TASK INSTRUCTIONS →
Write out exactly, and only, the lines below from the line with "a kitchen and" through the line with "CARTIER, A DIAMOND"; pictures do not belong in the copy.

RECORDS TO USE →

────────────────────────────────────────

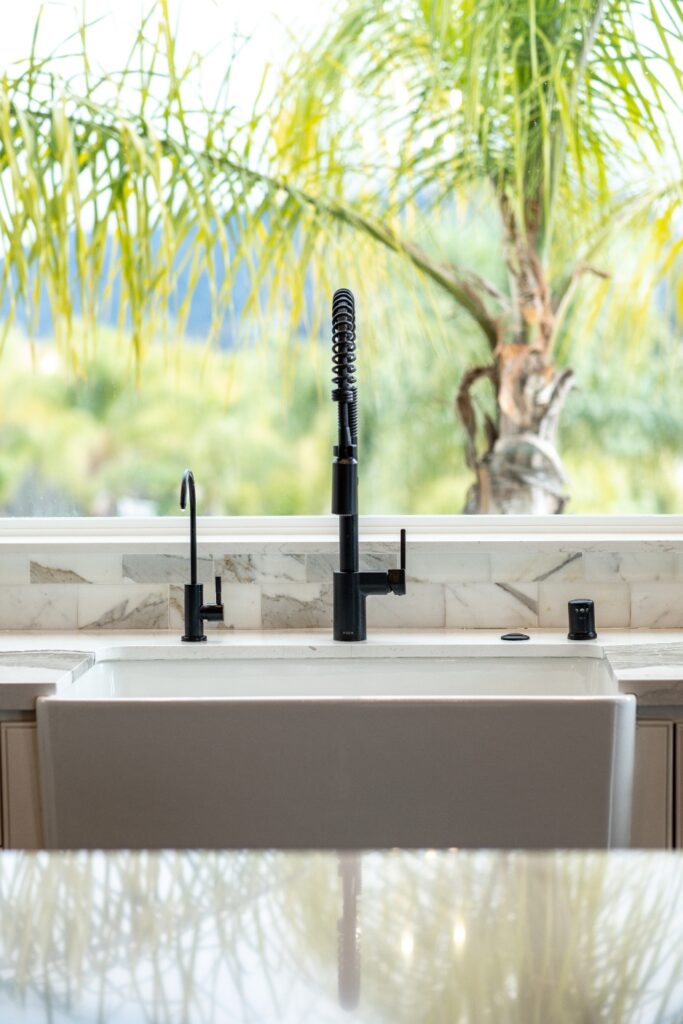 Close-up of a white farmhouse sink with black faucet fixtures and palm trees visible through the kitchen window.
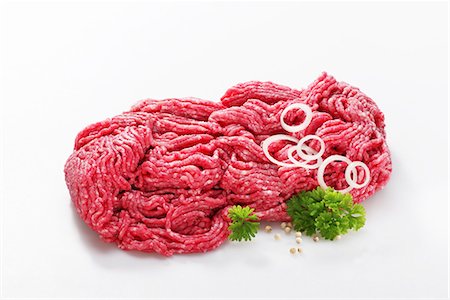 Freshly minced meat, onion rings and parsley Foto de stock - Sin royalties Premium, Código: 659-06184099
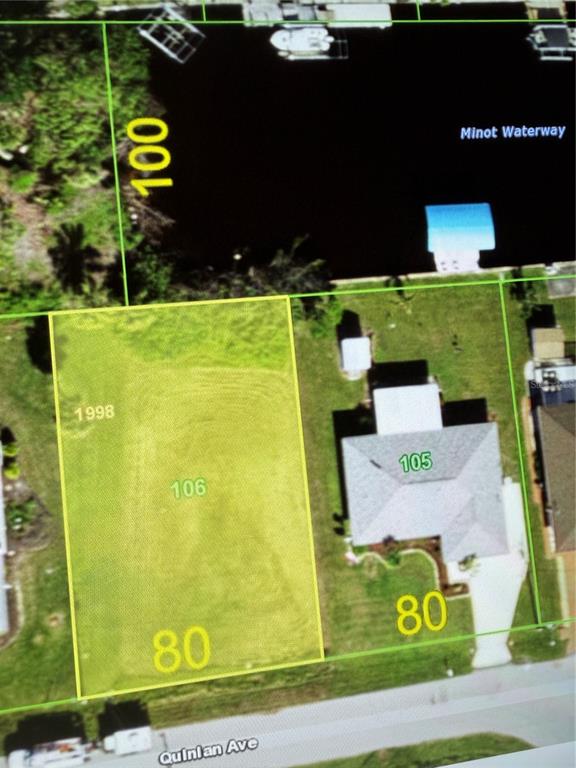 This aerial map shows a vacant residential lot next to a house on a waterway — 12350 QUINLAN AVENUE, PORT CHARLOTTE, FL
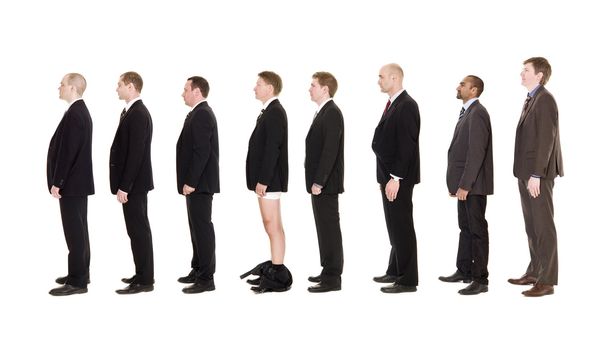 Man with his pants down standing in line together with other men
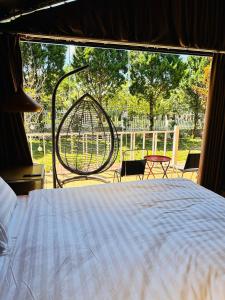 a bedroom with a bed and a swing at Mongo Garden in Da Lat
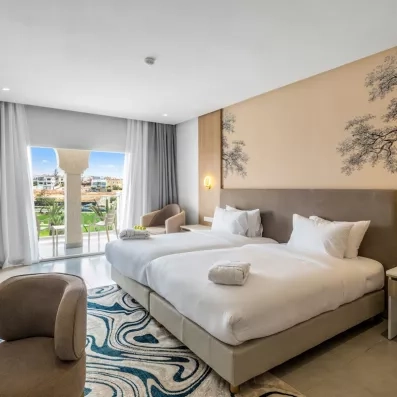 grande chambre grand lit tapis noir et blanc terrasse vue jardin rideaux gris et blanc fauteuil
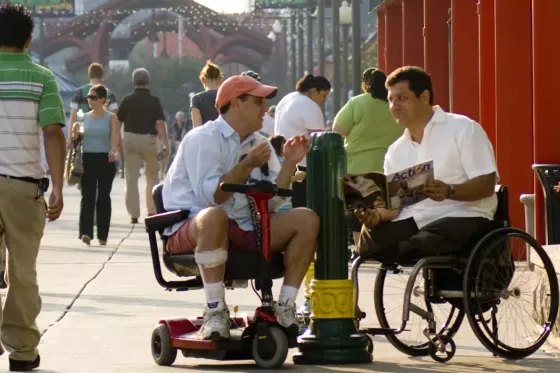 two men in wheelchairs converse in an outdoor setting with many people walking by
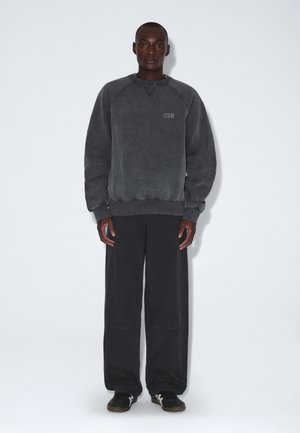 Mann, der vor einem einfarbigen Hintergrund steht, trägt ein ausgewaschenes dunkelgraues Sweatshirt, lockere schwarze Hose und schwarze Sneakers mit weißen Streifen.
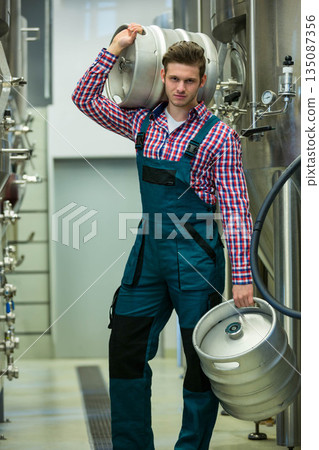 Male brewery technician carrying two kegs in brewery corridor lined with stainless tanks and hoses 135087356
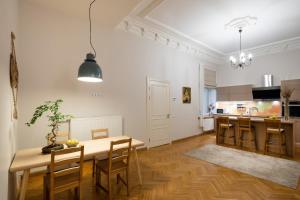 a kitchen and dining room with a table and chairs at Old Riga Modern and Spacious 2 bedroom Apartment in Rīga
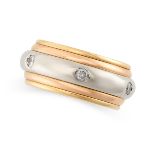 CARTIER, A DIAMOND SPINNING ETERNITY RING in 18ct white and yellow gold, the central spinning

────────────────────────────────────────

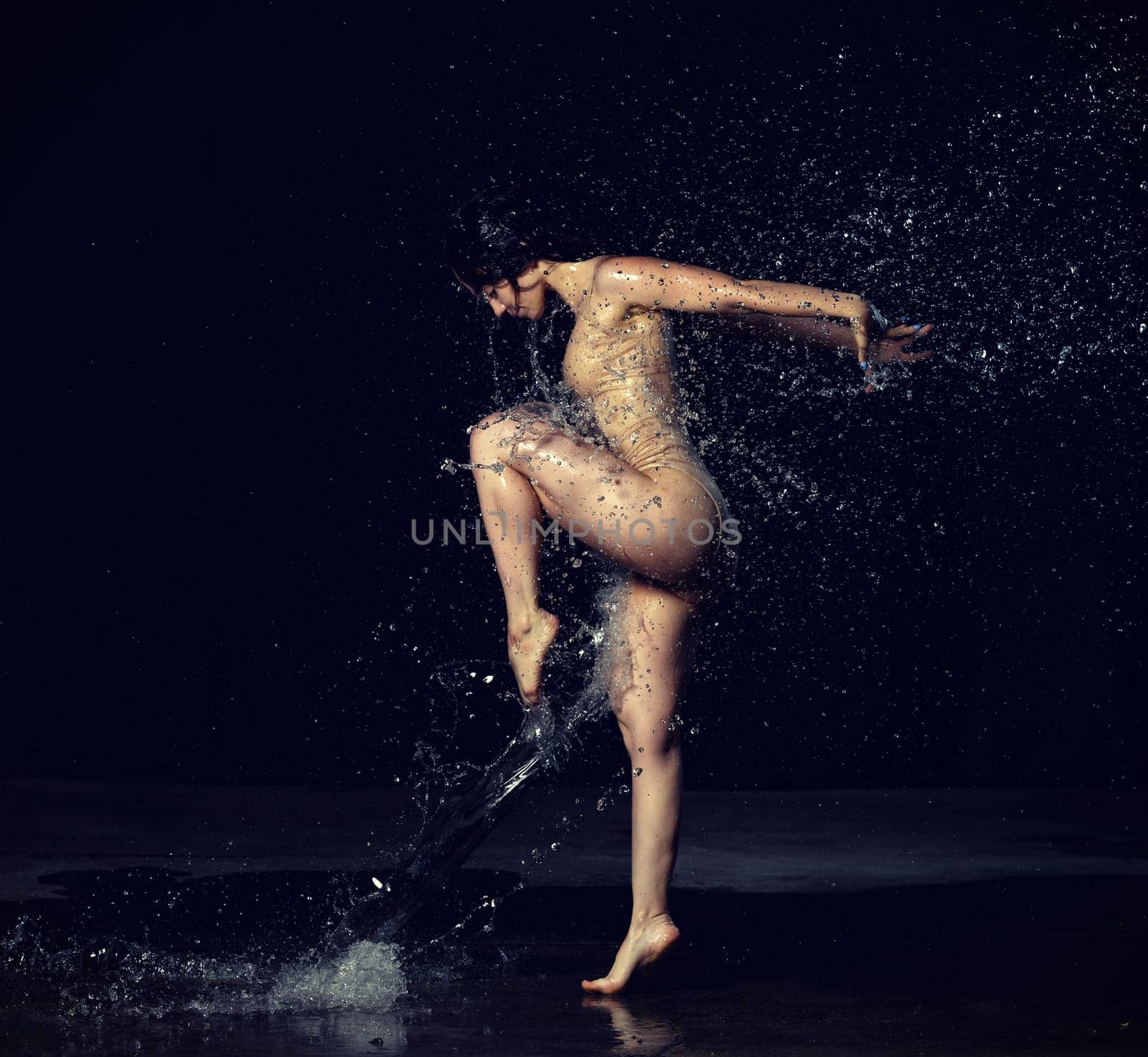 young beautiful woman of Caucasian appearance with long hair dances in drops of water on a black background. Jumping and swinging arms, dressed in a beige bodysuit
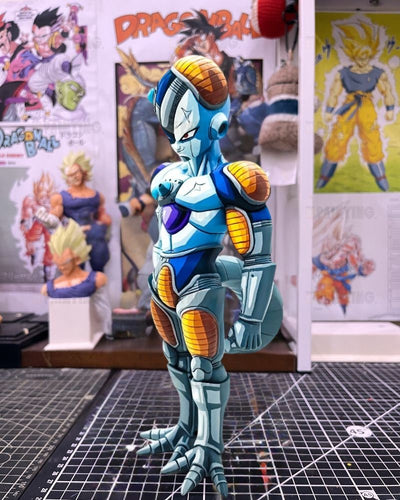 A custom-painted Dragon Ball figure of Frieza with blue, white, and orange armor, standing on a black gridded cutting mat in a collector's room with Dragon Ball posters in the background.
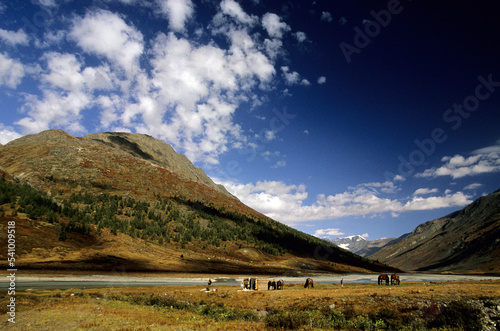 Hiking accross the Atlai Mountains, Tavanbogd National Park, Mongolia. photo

────────────────────────────────────────

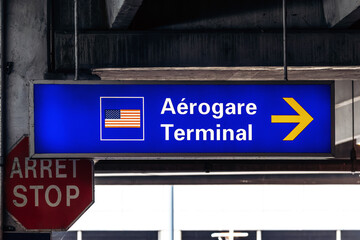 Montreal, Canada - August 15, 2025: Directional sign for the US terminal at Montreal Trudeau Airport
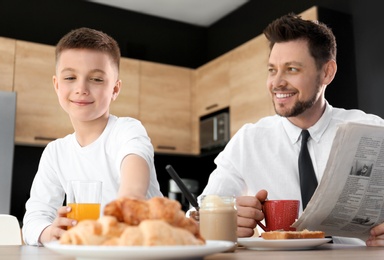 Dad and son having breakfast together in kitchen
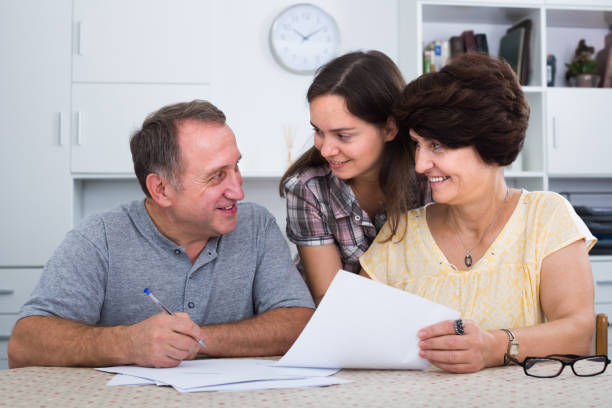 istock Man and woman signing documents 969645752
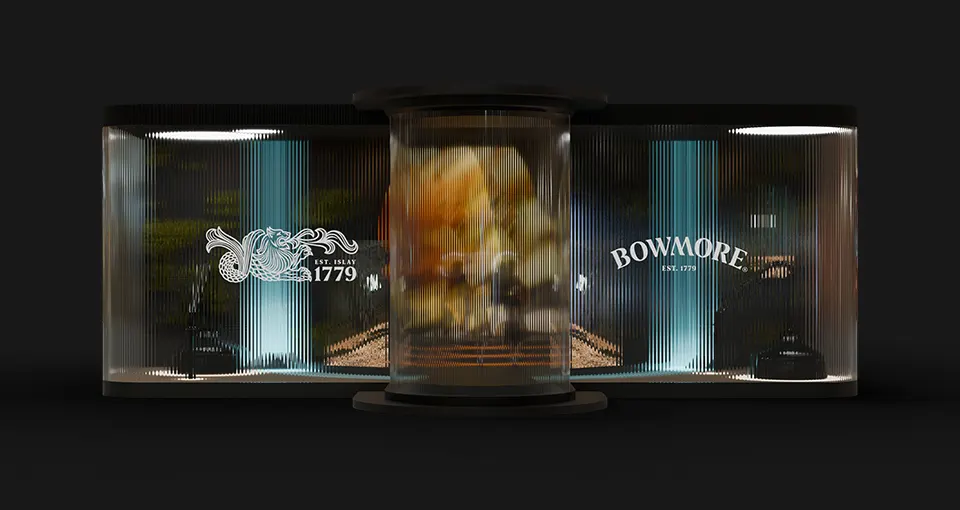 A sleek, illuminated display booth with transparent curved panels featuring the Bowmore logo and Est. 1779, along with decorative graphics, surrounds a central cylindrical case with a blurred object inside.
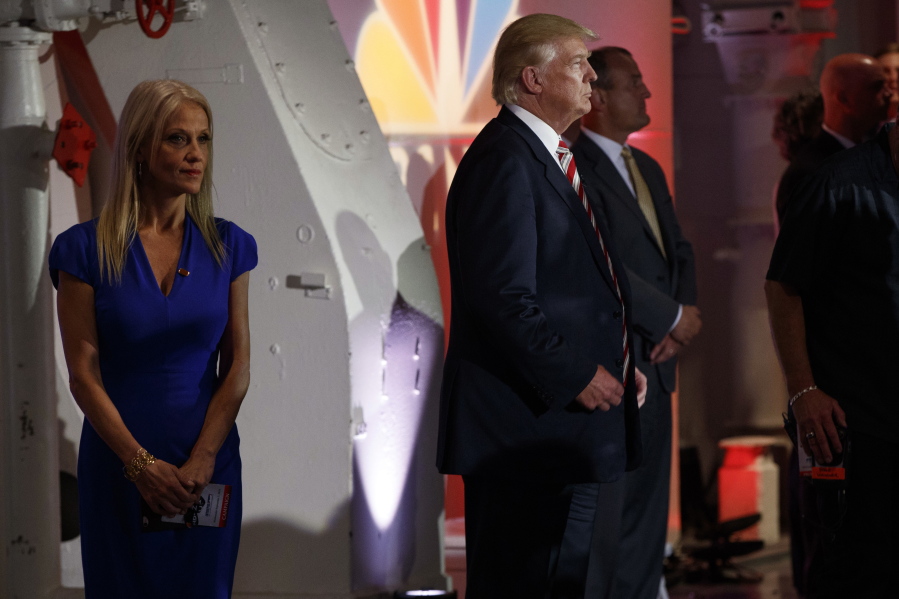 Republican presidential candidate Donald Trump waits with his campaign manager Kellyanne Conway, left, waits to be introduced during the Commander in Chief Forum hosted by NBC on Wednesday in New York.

────────────────────────────────────────

RESPONSE FOR THIS EXERCISE →
 a kitchen and dining room with a table and chairs at Old Riga Modern and Spacious 2 bedroom Apartment in Rīga
 CARTIER, A DIAMOND SPINNING ETERNITY RING in 18ct white and yellow gold, the central spinning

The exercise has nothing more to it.